We just released a massive open online course on the STM32G0, our first mainstream 90 nm MCU that only needs one power line, thus simplifying PCB designs. The course doesn’t assume any experience with microcontrollers as the video below starts by looking at the installation of STM32CubeMX, STM32CubeProgrammer, the Keil IDE, and the necessary firmware and libraries, such as STM32CubeG0, as well as a terminal emulator. The course uses a NUCLEO-G071RB , but in the vast majority of cases, the concepts will apply to other microcontrollers of the same family. Users who have a different board may also want to check out the Getting Started video we published in January. Finally, the videos couldn’t use our new STM32CubeIDE, our first free ST IDE with STM32CubeMX built-in, but those familiar with our new software will find the Nucleo-G071RB and can start programming it within our unique environment.
MOOC on STM32G0: Starting with a Blinking LED
The MOOC is a great starting point for beginners as one of its first lessons will teach users how to turn an LED on the Nucleo board on or off, the equivalent of “Hello World” for microcontrollers. It’s often the first lab students get to run because it teaches them about pin configurations, and the instructor in the video does help students understand how to find the right pin from a schematic then configure it using STM32CubeMX. The lesson then delves into our hardware abstraction layer (HAL), which enables programmers to toggle the right pin from their code easily. Once students grasp these concepts, they can build upon this foundation to create a vast number of programs, since most of them will follow a similar pattern. The code to add to the main.c file is available in the video’s description to prevent typing errors and facilitate the student’s learning experience.

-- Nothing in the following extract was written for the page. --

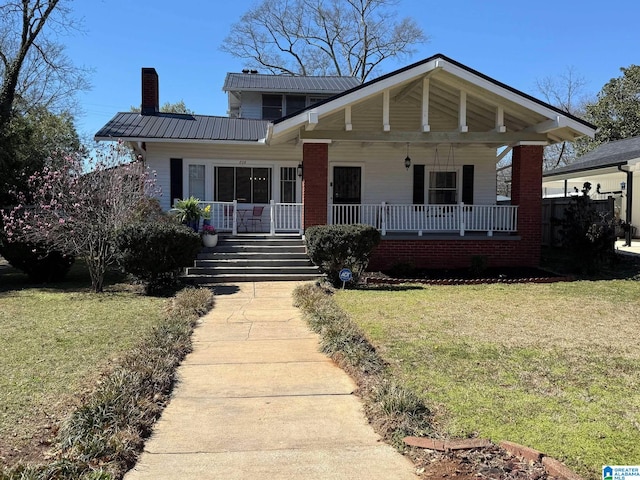 bungalow-style home featuring covered porch, metal roof, a front lawn, and a chimney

Configuring UART and Debugging It
Building upon these lessons, the videos go into more complex topics. For instance, the film below covers another fundamental teaching: the configuration of a UART peripheral and the use of the printf C function for debugging purposes. By redirecting the printf output to the UART of the STM32G0, users can display messages on a terminal emulator. Similarly to the blinking light example above, the video first looks at the pin configuration (PA2 and PA3) as well as the clock speed. It also explores the features inherent to Low Power UART and its method to send and receive information, thus offering important background information to students who may be new to this type of application. The video also guides developers to enter the relevant HAL function and configure the protocol within STM32CubeMX.